Though fate currently finds him in charge of the best team in college basketball, Nate Oats knows his place.

To coach hoops at the University of Alabama is to stand in the shadow of a sequoia. Football is king on the Tuscaloosa campus, where Nick Saban rules as if by divine right. So when the seven-time national champion said Monday, “There’s no such thing as the wrong place at the wrong time,” completely contradicting Oats’ defense of his players’ presence at the fatal shooting of Jamea Jonae Harris, Oats was smart enough to avoid making matters any worse than he already had.

“He and I talked that night,” Oats said of Saban Thursday afternoon at the KFC Yum Center. “I didn’t take it that way [as criticism] at all. I got a ton of respect for Coach. . . He may be the best coach for team sports in modern sports history.”

If Oats failed to detect the rebuke implicit in Saban’s statement, the hearing-unimpaired required no auditory aids.

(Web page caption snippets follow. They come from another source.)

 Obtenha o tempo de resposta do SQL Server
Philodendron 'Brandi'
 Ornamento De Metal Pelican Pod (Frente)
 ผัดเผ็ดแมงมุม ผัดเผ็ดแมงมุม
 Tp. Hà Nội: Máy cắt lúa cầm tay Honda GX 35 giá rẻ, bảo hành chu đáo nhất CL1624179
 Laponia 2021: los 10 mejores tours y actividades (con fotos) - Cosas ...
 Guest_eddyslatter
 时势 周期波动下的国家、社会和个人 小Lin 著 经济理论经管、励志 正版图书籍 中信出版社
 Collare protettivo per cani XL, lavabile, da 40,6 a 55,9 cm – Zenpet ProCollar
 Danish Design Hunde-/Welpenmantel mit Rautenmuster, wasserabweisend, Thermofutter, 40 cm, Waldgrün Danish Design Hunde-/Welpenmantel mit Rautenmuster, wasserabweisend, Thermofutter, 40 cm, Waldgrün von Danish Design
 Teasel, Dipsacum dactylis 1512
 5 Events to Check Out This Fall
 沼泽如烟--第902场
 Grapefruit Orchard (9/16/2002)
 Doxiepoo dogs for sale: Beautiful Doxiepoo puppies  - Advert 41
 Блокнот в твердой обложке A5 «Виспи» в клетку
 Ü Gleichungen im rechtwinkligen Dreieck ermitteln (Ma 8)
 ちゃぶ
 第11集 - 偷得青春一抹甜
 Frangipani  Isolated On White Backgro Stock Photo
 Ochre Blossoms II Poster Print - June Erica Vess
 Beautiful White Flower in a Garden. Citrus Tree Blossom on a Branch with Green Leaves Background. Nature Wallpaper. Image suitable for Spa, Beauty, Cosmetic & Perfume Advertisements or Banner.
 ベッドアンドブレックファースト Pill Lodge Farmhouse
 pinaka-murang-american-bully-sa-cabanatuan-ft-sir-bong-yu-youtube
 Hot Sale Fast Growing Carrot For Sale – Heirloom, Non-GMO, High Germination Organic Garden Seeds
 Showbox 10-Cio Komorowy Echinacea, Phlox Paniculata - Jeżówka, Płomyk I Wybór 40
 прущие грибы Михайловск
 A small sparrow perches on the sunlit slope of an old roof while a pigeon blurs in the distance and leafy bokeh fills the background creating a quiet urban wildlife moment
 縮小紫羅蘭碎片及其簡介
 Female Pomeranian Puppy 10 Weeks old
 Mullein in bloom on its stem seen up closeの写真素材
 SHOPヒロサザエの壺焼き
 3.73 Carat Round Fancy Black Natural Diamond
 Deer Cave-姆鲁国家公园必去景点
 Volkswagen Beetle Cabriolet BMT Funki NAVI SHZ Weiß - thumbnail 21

Though Saban’s worldview is notoriously narrow — he claimed to have been unaware it was Election Day in 2016 — he could hardly have missed the fallout from his school’s feckless response to the death of a 23-year-old woman for which former Alabama forward Darius Miles faces capital murder charges. Among the current Alabama players at the scene was its star, Brandon Miller, who delivered the gun.

It’s possible Saban was unaware that Oats had clumsily minimized Miller’s role in the tragedy with his “wrong place, wrong time” comment. It’s conceivable Saban’s presence at Alabama’s Wednesday basketball practice was completely unrelated to damage control. But whether he did so deliberately or coincidentally, Saban has set a tone to which Oats and others would be wise to adhere.

You’ve got to be responsible for who you’re with, who you’re around, and what you do; who you associate yourself [with] and the situations that you put yourself in,” Saban said. “It is what it is, but there is cause and effect when you make choices and decisions that put you in bad situations.”

Saban was speaking specifically about freshman defensive back Tony Mitchell, who was charged last week with possession of marijuana with intent to sell and/or deliver. But given his particular choice of words, and the grim backdrop of Harris’ death, it was easy to extrapolate.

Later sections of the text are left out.